The United States has started calculating costs now that the search for the missing Malaysia Airlines Flight MH370 has entered a new phase. Suffice to say, the global economic leader hinted nothing in this world could ever possibly be cost-free.
"We're not going to pay to perpetually use the equipment on an indefinite basis. Basically from here on out - starting next week or so - they need to pick up the contract," a senior U.S. defence official told Reuters.
Just in the first month of the search, around $44 million was already disbursed. This involved the deployment of military ships and aircraft in the Indian Ocean and South China Sea.
"We're already at tens of millions. Is it worth hundreds of millions?" he said. "I don't know. That's for them to decide."

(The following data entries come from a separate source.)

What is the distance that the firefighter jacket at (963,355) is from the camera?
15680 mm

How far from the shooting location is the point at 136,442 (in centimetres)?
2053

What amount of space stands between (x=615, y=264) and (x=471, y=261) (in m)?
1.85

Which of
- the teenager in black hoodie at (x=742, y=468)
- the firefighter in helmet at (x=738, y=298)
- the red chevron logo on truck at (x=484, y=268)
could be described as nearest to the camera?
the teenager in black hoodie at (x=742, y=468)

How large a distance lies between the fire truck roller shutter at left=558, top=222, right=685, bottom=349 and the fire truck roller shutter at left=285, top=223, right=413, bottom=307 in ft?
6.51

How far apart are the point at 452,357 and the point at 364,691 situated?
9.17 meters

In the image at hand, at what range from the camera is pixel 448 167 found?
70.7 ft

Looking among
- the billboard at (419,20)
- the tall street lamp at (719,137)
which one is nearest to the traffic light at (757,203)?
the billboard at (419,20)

And on Thursday, investigators were sent to Bay of Bengal to verify the wreckage claims of GeoResonance, visibly drawing the very limited resources away from the focused search that is the southern Indian Ocean where most believe the plane crashed. Bay of Bengal is 5000 kilometres away from the current search area.
Despite retired Chief Air Marshal Angus Houston, chief coordinator of the Joint Agency Coordination Centre, being skeptical of GeoResonance's claims, they cannot prevent the search teams from checking the place.
"It's a public relations thing now," he said. "I think they have to."
"The investigators are going to be hard-pressed to blow this off," Mary Schiavo, a former inspector general for the US Department of Transportation, told CNN. "I think, at this point, because of the lack of results where they've been searching for six weeks, they're almost stuck. They have to go look."
As of Wednesday, Australia has yet to concretize plans and discussions about the economic cost of the search, according to Malaysian Transport Minister Datuk Seri Hishammuddin Hussein.
"As it will involve deep-sea searching, it is important to discuss the issue of cost," Mr Hishammuddin had told reporters.
"The discussions will involve all the relevant stakeholders and revolve around issues such as where the search will be conducted and what assets will be deployed."
"Another important issue is who is going to supply the assets which will be necessary to carry out the search," Mr Hishammuddin had said.
But since the U.S. has hinted it will already pass on the costs of providing sophisticated sonar equipment, taxpayers from Australia, China and Malaysia will likely bear the brunt of the financial and logistical burden of the lengthy and expensive search, estimated to cost about US$56 million.